Selective Caspase-2 inhibitors and their use in Alzheimer’s Disease

For many years Casp2 was considered as a redundant apoptosis initiator and/or effector and consequently was initially not considered as a priority target for drug development. However, in the context of Alzheimer’s disease, a role for Casp2 was proposed more than 20 years ago and later confirmed in animal models of Alzheimer’s disease and of frontotemporal dementia.

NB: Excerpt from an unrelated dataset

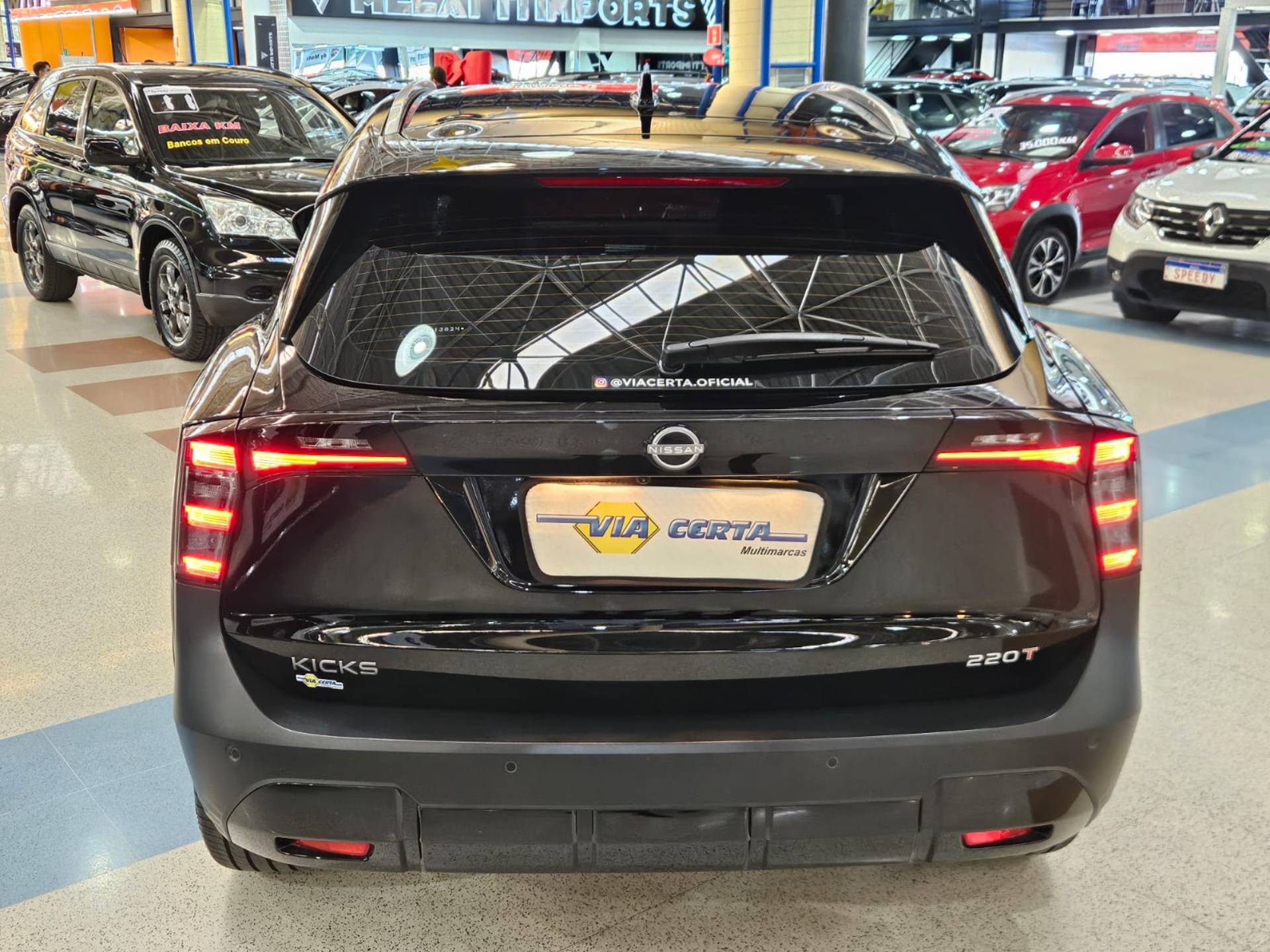 NISSAN KICKS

Casp2 specific inhibitors have not yet been tested in humans. Currently, there are no commercially available selective Casp2 inhibitors. The standard Casp2 inhibitors that are marketed for research use (e.g. Ac-VDVAD-CHO and z-VDVAD-fmk) are non-selective. They have poor biodisponibility and strong inhibitory effects on Casp3. The pharmacological targeting of Casp2 has been considered challenging because of the structural similarity between caspase catalytic domains. Specifically, Casp2 shares the closest cleavage specificity similarities with Casp3 and Casp7, and to a lesser extent with Casp8. Therefore, designing selective inhibitors for Casp2 has been difficult. We have designed and evaluated a series of peptidomimetics derived from the canonic pentapeptide VDVAD and combined potent irreversible warhead (proven to be safe in human) with non-natural structures conferring Casp2 specificity and biodisponibility. The most potent peptidomimetic, LJ2a, inhibits human Casp2 with an extremely high inactivation rate. LJ3a is the most selective inhibitor, with close to 1000 times higher inactivation rate on Casp2 as compared to Casp3.
Structural analysis of LJ3a shows that spatial configuration of Cα at the P2 position determines inhibitor efficacy. ß-amyloid oligomers (Aß) are central pathogenic proteins in Alzheimer's disease. Aß induces synapse loss and neuronal death through rapid Casp2 activation. The neuronal death pathways implicate Bim and c-Jun expression increase, Casp3 activation. In primary hippocampal neurons treated with ß-amyloid oligomers (Aß), submicromolar concentrations of LJ2a and of LJ3a prevent synapse loss. At higher (micromolar) concentrations, Aß induces Bim expression increase, Caspase-2 activation, and hippocampal neuron death, all of which are inhibited by cell-penetrant siRNA targeting Casp2 (Pen-siRNACasp2) as well as LJ3a, but not by Pen-siRNACasp3, nor by necroptosis inhibitors.

Furthermore, LJ3a similarly inhibits cell death induced by Aß in human embryonic stem cell-derived neurons. These data argue for further investigation of LJ2a/LJ3a in the treatment of AD.